Dataset entries
★ ★ ★ ★

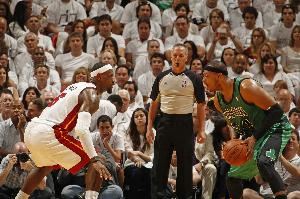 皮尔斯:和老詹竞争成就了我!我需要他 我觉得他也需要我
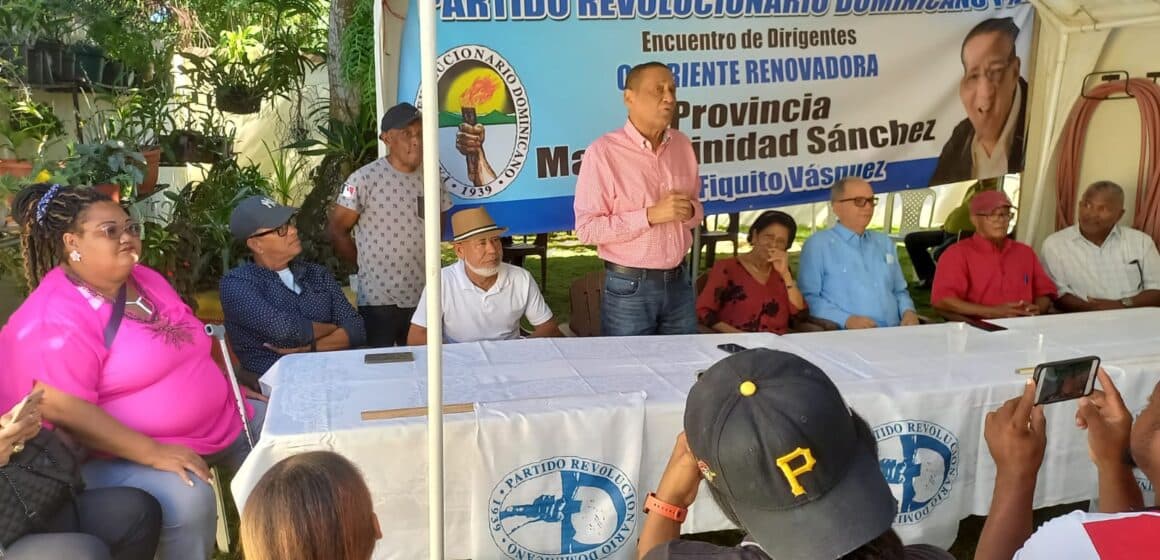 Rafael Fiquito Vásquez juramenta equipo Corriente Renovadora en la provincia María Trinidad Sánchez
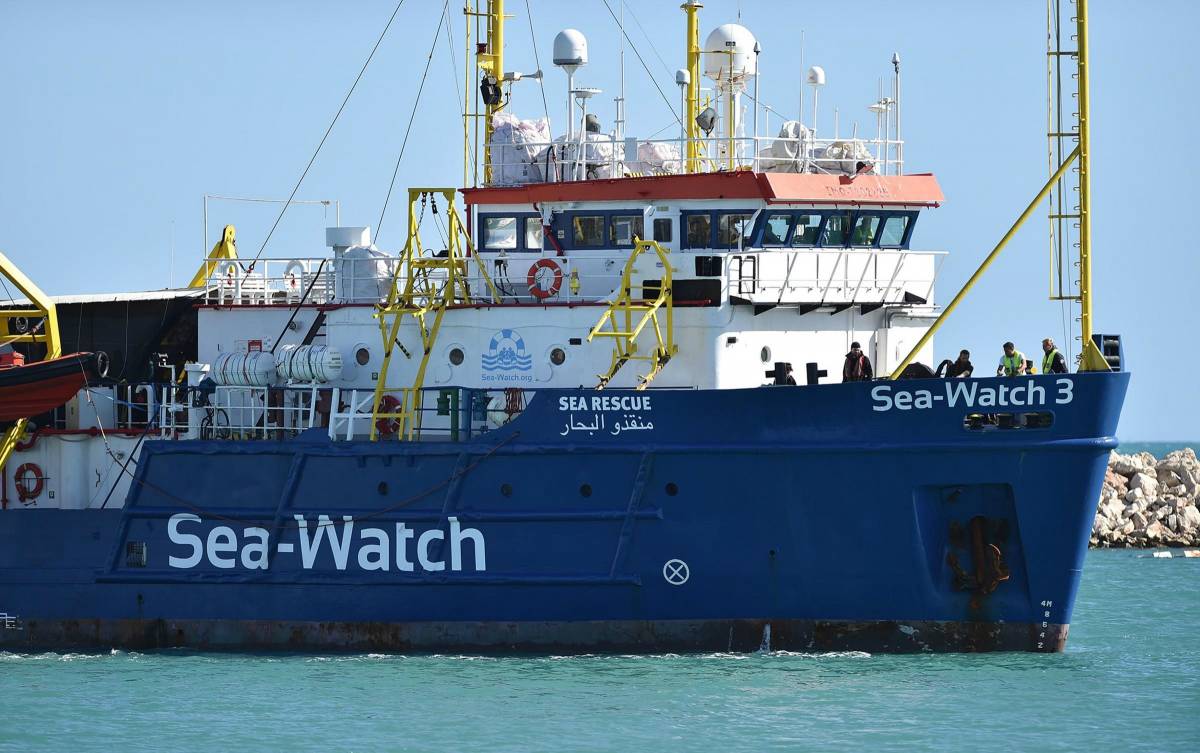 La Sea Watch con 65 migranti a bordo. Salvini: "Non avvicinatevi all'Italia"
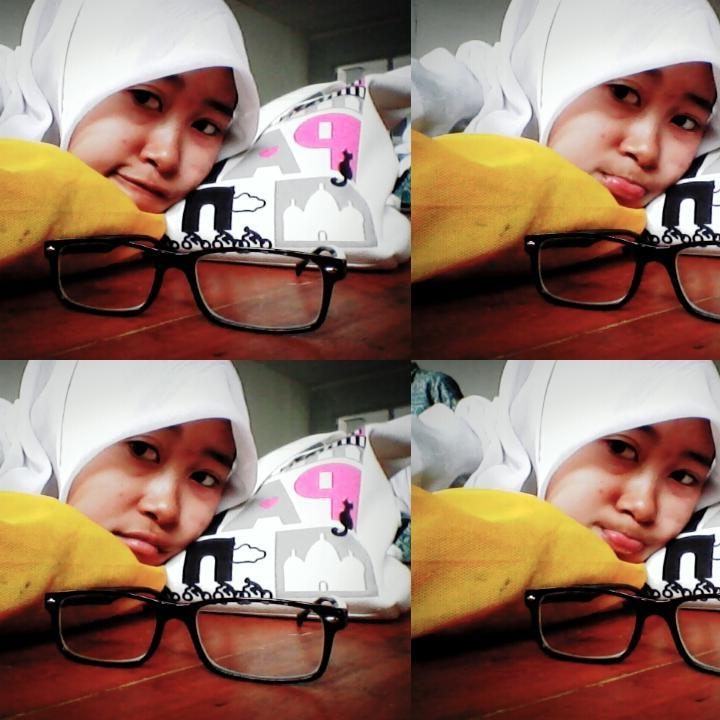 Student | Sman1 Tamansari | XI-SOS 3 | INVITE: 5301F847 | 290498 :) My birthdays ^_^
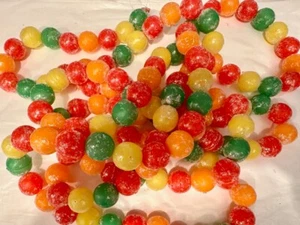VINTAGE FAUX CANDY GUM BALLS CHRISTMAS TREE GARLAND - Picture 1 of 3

★ ★ ★ ★

**Exercise details**
Write out the whole of the data exactly; the pictures stay out.

**Your response**
 皮尔斯:和老詹竞争成就了我!我需要他 我觉得他也需要我
 Rafael Fiquito Vásquez juramenta equipo Corriente Renovadora en la provincia María Trinidad Sánchez
 La Sea Watch con 65 migranti a bordo. Salvini: "Non avvicinatevi all'Italia"
 Student | Sman1 Tamansari | XI-SOS 3 | INVITE: 5301F847 | 290498 :) My birthdays ^_^
VINTAGE FAUX CANDY GUM BALLS CHRISTMAS TREE GARLAND - Picture 1 of 3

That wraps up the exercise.